Personal information
- Full name: Gregor Flanegin Breinburg
- Date of birth: 16 September 1991 (age 34)
- Place of birth: Arnhem, Netherlands
- Height: 1.75 m (5 ft 9 in)
- Position: Midfielder

Youth career
- Vitesse 1892
- De Graafschap

Senior career*
- Years: Team / Apps / (Gls)
- 2011–2014: De Graafschap / 92 / (0)
- 2014–2018: NEC / 129 / (3)
- 2018–2019: Sparta / 19 / (0)
- 2019–2020: De Graafschap / 24 / (2)
- 2021–2023: ADO Den Haag / 45 / (0)

International career^{‡}
- 2015–2022: Aruba / 15 / (2)

= Gregor Breinburg =

Aruban footballer

Gregor Breinburg (born 16 September 1991) is a retired footballer who played as a midfielder. Born in the Netherlands, he played for the Aruba national team.

==Club career==
He formerly played for De Graafschap and joined NEC in 2014. After a solid 2015 season, he was appointed captain of NEC at the start of the 2016 season.

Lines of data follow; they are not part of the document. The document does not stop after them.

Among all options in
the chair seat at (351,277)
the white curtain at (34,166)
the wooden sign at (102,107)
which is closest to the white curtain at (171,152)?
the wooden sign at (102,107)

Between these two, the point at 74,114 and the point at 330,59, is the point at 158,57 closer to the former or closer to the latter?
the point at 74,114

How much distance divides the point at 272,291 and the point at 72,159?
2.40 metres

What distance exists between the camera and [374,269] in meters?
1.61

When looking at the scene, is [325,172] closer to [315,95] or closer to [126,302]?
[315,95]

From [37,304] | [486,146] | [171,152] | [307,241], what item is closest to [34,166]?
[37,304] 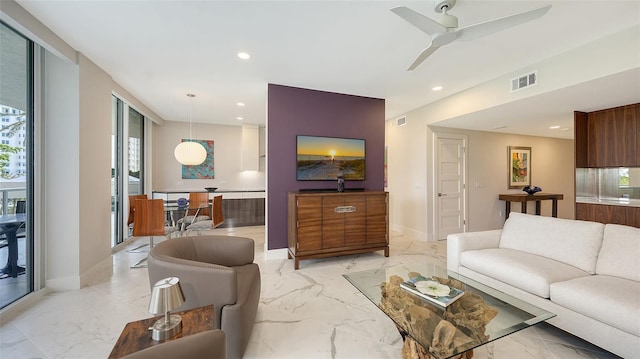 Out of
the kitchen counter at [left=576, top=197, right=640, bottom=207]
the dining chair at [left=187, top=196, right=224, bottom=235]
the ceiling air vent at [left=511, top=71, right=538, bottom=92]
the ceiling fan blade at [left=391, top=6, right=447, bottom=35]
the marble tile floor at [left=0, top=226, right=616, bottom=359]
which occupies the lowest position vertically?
the marble tile floor at [left=0, top=226, right=616, bottom=359]

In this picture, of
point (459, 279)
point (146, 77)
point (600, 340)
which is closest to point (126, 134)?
point (146, 77)

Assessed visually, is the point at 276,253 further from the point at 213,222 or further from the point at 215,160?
the point at 215,160

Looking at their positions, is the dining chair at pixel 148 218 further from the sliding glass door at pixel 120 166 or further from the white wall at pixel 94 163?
the sliding glass door at pixel 120 166

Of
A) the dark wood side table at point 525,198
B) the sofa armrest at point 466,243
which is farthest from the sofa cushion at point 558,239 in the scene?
the dark wood side table at point 525,198

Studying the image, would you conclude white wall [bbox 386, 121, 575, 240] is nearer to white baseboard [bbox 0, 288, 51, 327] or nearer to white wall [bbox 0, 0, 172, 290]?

After retiring, he became a player's agent and played football for amateur side Elsweide in Arnhem.

==International career==
Breinburg made his debut for Aruba in a June 2015 FIFA World Cup qualification match against Barbados and has, as of October 2022, earned a total of 15 caps scoring 2 goals. He represented his country in 4 World Cup qualifiers.

==Career statistics==
===Club===

Appearances and goals by club, season and competition
| Club | Season | League |  |  | KNVB Cup |  | Other |  | Total |  |
| Division | Apps | Goals | Apps | Goals | Apps | Goals | Apps | Goals |
| De Graafschap | 2010–11 | Eredivisie | 7 | 0 | 1 | 0 | — |  | 8 | 0 |
| 2011–12 | Eredivisie | 25 | 0 | 2 | 0 | — |  | 27 | 0 |
| 2012–13 | Eerste Divisie | 27 | 0 | 1 | 0 | 4 | 0 | 32 | 0 |
| 2013–14 | Eerste Divisie | 33 | 0 | 0 | 0 | 4 | 0 | 37 | 0 |
| Total |  | 92 | 0 | 4 | 0 | 8 | 0 | 104 | 0 |
| NEC Nijmegen | 2014–15 | Eerste Divisie | 30 | 0 | 3 | 0 | — |  | 33 | 0 |
| 2015–16 | Eredivisie | 30 | 0 | 3 | 2 | — |  | 33 | 2 |
| 2016–17 | Eredivisie | 33 | 2 | 1 | 1 | 4 | 2 | 38 | 5 |
| 2017–18 | Eerste Divisie | 36 | 1 | 2 | 0 | 2 | 0 | 40 | 1 |
| Total |  | 129 | 3 | 9 | 3 | 6 | 2 | 144 | 8 |
| Sparta Rotterdam | 2018–19 | Eerste Divisie | 19 | 0 | 1 | 0 | 0 | 0 | 20 | 0 |
| De Graafschap | 2019–20 | Eerste Divisie | 24 | 2 | 1 | 0 | — |  | 25 | 2 |
| ADO Den Haag | 2021–22 | Eerste Divisie | 22 | 0 | 0 | 0 | 3 | 0 | 25 | 0 |
| 2022-23 | 23 | 0 | 2 | 0 | 0 | 0 | 25 | 0 |
| Total |  | 45 | 0 | 2 | 0 | 3 | 0 | 50 | 0 |
| Career total |  |  | 309 | 5 | 16 | 3 | 17 | 2 | 342 | 9 |

===International===

Appearances and goals by national team and year
| National team | Year | Apps | Goals |
| Aruba | 2015 | 4 | 0 |
| 2016 | 1 | 0 |
| 2018 | 1 | 0 |
| 2019 | 7 | 1 |
| 2022 | 2 | 1 |
| Total |  | 15 | 2 |

Scores and results list Aruba's goal tally first, score column indicates score after each Breinburg goal.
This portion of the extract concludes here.